Chair: Professor Doherty, we have a group of potential Nobel
Prize winners from the Canberra Grammar School at the back of the room and
they've nominated Bradley Carinarthur to ask you a question.
Question: Bradley Carinarthur from Canberra Grammar
School. I'd just to hear a bit about
what you see is the future particularly young science students throughout
Australia. What branches maybe do you
recommend and.?
Peter Doherty: Well, I
mean I know biological science much better than .biomedical science. The excitement in biomedical science and
molecular science is simply enormous and the potential seems to be limitless
and in fact the drug companies in the United States are almost suffering, not
so much the drug companies the biological companies like [indistinct] are
suffering from an excess of product that they don't necessarily know what to do
with. But I think there are also
tremendous, tremendous potential for further discovery. There's tremendous potential for working on
biological problems say like insect control and all sorts of other things that
are not in the medical science area.
It's a very exciting time in science and all sorts of people you
shouldn't feel say out of the idea of doing biomedical science if you don't
like blood and green stuff and brown stuff and yukky things for instance
because we've got biomedical scientists who are now spending all their life in
front of a computer screen doing computer doing rational drug design for
instance.

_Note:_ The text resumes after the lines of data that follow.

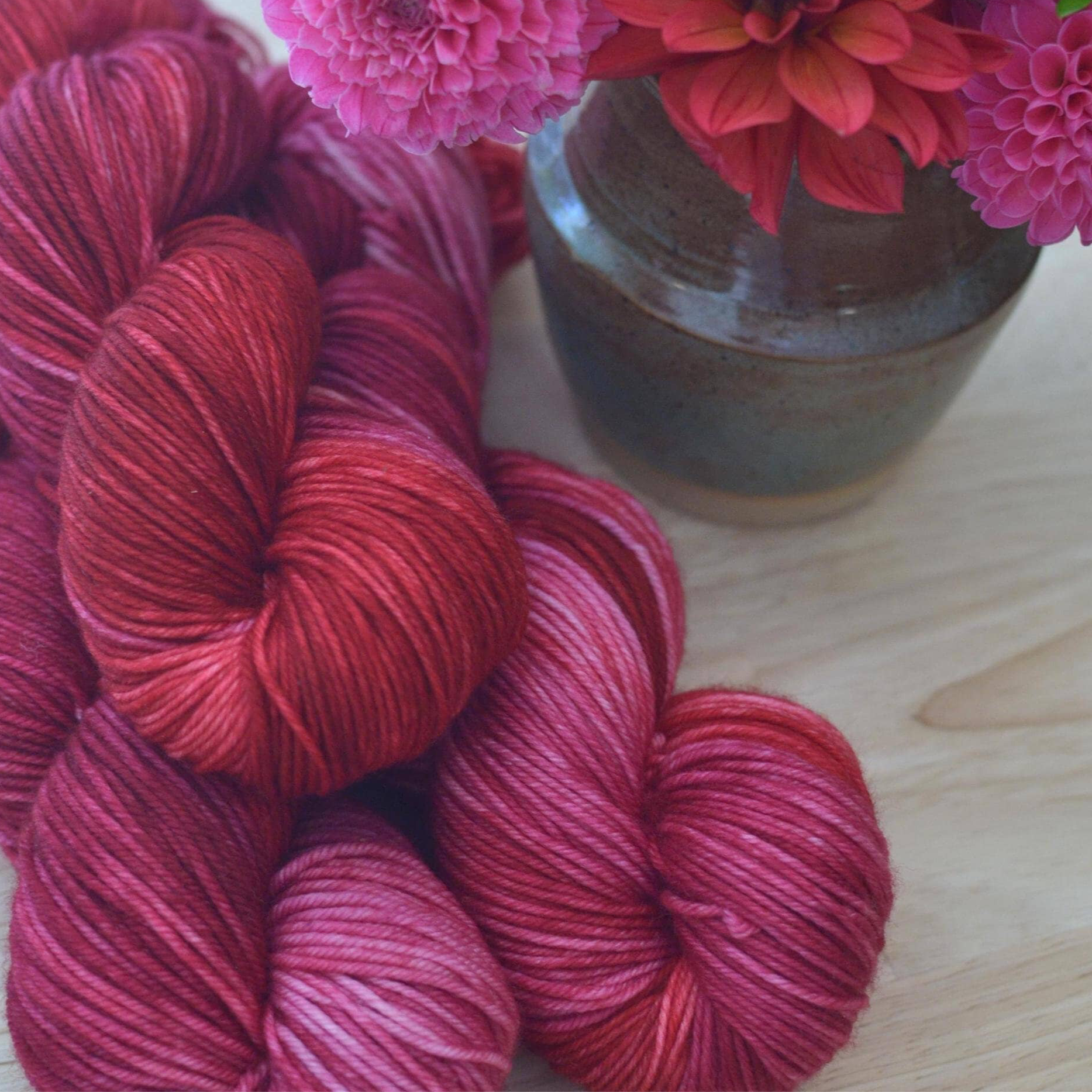 Copper Sheep Dahlia - Variegated Pink and Red Hand Dyed Yarn – The Copper Sheep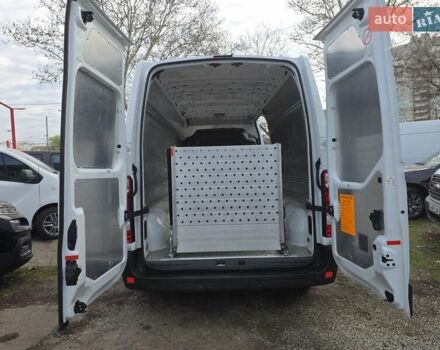 Белый Рено Мастер, объемом двигателя 2.3 л и пробегом 206 тыс. км за 21000 $, фото 29 на Automoto.ua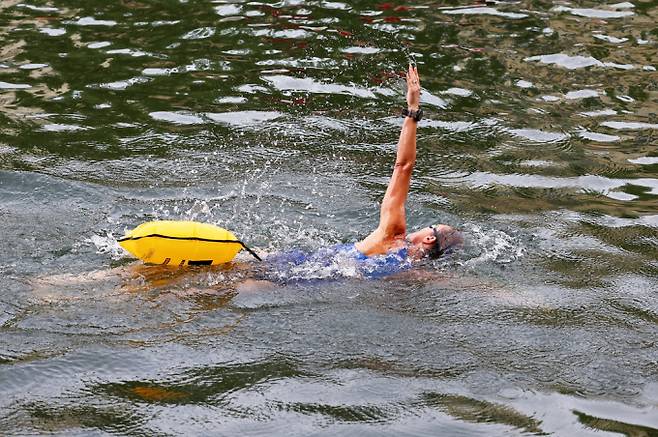 프랑스 파리 센강이 대대적인 정화작업을 통해 100여년 만에 시민들에게 재개방됐다. 사진은 지난 5일(현지시각) 센강에서 한 시민이 수영을 하고 있는 모습. /사진=로이터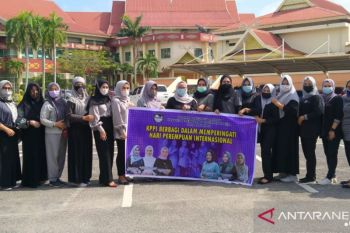 KPPI Riau berbagi nasi kotak di Jumat berkah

There's enormous
potential. As to the potential in Australia,
it really depends on how much we can build that science business culture. It depends on the support we get from
Government and so forth. But there is
the fact though that science is an international and globalised activity and
there always has been. You know we've
got a million Australians outside Australia now, that includes many extremely
talented people. We'd love to get a lot
of them back. I don't think necessarily
that taking a training in science now is necessarily a one way ticket to the
northern atmosphere. We have a number
of very good people who've made their whole careers here and I think it's though it is, it is an activity with a degree of risk, I mean if you want a
much more risk free life then you become an accountant. It's just the possibility that you might get
a bit bored.
I meant there are highly creative accountants but they do tend
to end up in prison.
Chair: We've got a lot of them in gaol. Let's go back for a final question today
from Simon Gross.
Question: Professor Doherty, I'm going to ask you a personal
question on a point of clarification.
In your speech you seemed to refer to yourself as a religious
believer. That doesn't fit with the
text that you handed out. I just wanted
to ask you to clarify where you sit on this big issue.
Peter Doherty: I'm
not, I expect that when I'm dead I'll be dead, quite frankly. I was brought up
in a religious context and went through a religious phase and so forth and I
value a lot of the things that I got from that upbringing and I think
we're to some extent missing something in society that people don't any longer
get a lot of that activity because it did cause people to think about other
things than just simply material success and material benefit. But I couldn't at this stage claim to be a
religious believer. The way I fake my
way out of this is I say that the definition in the First Epistle of St John is
God is love and we all believe in love and that's a very satisfactory
definition, but my religious friends tell me that doesn't get me into the club
at all.
Chair: Thank you very much.
Peter Doherty it's been great to have you back. Thank you very much for this past hour and
especially for your contributions to these awards which promote many of the
causes that you support and agree with.
We'd like you to come back whenever you like. Here's a membership card to get you through the door.
Peter Doherty: Oh! Marvelous. Thank you.